TASK STATEMENT =
Please print the entries below exactly, from the line with "Apartments With A" through the line with "Chalet en venta", including both of those lines and leaving out all others.

DATA SUPPLIED START

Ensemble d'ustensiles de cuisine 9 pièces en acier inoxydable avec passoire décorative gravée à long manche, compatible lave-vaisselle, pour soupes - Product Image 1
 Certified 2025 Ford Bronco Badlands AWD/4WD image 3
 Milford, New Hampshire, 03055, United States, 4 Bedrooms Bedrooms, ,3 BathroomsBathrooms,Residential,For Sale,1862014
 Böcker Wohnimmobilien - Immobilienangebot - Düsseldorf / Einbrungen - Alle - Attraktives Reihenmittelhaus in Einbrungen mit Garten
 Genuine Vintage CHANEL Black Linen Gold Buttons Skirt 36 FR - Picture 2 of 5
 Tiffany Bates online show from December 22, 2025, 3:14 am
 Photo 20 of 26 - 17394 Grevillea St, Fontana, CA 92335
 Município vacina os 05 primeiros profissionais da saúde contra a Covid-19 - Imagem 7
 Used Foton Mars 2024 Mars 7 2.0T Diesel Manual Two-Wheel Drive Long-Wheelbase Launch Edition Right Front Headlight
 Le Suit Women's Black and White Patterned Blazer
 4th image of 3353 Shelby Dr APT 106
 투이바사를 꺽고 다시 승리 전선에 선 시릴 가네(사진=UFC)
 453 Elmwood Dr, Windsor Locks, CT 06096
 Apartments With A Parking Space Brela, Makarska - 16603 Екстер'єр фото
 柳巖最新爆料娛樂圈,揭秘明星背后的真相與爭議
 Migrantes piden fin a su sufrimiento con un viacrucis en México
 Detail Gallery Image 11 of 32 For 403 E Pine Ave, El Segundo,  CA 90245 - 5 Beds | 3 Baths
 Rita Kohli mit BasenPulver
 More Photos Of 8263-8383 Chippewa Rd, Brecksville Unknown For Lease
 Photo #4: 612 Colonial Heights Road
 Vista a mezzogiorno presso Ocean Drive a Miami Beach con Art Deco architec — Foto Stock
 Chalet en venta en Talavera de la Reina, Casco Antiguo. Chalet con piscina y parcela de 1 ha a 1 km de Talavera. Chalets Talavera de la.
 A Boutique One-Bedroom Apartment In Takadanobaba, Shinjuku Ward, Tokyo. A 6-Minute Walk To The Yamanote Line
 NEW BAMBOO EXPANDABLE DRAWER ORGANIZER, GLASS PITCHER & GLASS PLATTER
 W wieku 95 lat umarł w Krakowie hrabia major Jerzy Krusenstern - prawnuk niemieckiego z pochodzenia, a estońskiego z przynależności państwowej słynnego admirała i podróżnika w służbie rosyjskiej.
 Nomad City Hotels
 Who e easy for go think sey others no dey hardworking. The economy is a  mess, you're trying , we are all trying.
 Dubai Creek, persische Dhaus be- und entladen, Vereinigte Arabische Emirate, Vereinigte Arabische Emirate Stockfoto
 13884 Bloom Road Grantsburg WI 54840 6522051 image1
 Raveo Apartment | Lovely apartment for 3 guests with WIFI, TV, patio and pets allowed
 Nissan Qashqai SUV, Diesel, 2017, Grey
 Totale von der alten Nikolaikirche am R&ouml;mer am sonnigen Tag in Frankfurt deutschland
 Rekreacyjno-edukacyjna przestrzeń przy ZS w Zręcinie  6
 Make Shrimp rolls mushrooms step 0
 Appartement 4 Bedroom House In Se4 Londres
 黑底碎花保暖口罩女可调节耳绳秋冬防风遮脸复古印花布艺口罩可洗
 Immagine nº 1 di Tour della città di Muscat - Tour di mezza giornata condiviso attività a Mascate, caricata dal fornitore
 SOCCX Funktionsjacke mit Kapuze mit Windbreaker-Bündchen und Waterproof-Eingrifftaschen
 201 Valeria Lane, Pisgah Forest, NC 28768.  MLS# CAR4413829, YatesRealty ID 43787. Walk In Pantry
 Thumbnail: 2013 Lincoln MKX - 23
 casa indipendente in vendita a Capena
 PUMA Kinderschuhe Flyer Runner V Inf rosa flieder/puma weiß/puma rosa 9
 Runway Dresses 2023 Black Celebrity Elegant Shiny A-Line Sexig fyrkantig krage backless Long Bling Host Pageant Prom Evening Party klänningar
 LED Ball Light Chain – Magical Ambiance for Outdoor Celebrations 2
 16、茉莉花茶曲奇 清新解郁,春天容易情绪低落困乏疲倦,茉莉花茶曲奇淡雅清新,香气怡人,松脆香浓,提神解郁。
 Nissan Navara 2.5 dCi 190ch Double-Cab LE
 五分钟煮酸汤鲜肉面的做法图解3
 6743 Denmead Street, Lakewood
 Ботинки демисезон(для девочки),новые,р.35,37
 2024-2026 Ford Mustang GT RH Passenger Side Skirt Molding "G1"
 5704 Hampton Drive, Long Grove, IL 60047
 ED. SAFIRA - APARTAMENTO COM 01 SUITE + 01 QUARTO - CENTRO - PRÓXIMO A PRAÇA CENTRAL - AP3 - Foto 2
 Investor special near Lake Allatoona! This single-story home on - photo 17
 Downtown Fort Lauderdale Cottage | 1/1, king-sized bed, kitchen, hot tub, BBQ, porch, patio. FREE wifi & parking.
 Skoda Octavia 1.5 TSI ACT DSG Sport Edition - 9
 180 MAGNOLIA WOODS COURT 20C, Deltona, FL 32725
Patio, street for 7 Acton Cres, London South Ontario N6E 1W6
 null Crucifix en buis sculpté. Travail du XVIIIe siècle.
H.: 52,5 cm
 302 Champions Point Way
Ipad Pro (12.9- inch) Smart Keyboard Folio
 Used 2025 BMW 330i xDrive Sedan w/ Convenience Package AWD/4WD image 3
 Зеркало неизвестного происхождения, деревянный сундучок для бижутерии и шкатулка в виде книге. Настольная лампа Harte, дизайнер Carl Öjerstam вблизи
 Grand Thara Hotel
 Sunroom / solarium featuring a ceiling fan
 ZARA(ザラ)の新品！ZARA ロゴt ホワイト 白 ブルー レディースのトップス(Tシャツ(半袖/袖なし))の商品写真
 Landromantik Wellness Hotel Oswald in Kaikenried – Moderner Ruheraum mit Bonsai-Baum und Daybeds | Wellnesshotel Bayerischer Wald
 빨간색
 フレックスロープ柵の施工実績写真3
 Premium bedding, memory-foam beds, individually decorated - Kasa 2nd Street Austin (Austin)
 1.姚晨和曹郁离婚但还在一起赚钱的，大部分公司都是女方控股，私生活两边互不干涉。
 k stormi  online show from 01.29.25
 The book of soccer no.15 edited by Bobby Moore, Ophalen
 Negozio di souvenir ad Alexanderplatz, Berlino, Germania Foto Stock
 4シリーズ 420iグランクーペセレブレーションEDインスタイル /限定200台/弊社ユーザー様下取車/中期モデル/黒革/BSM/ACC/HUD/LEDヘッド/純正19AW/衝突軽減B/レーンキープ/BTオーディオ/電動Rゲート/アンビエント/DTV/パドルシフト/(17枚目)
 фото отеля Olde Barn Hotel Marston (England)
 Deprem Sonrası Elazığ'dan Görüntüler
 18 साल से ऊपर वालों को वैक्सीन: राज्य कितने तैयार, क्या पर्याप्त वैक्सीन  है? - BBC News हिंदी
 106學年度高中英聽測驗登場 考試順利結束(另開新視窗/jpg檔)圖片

DATA SUPPLIED END

EXERCISE OUTPUT =
 Apartments With A Parking Space Brela, Makarska - 16603 Екстер'єр фото
 柳巖最新爆料娛樂圈,揭秘明星背后的真相與爭議
 Migrantes piden fin a su sufrimiento con un viacrucis en México
 Detail Gallery Image 11 of 32 For 403 E Pine Ave, El Segundo,  CA 90245 - 5 Beds | 3 Baths
 Rita Kohli mit BasenPulver
 More Photos Of 8263-8383 Chippewa Rd, Brecksville Unknown For Lease
 Photo #4: 612 Colonial Heights Road
 Vista a mezzogiorno presso Ocean Drive a Miami Beach con Art Deco architec — Foto Stock
 Chalet en venta en Talavera de la Reina, Casco Antiguo. Chalet con piscina y parcela de 1 ha a 1 km de Talavera. Chalets Talavera de la.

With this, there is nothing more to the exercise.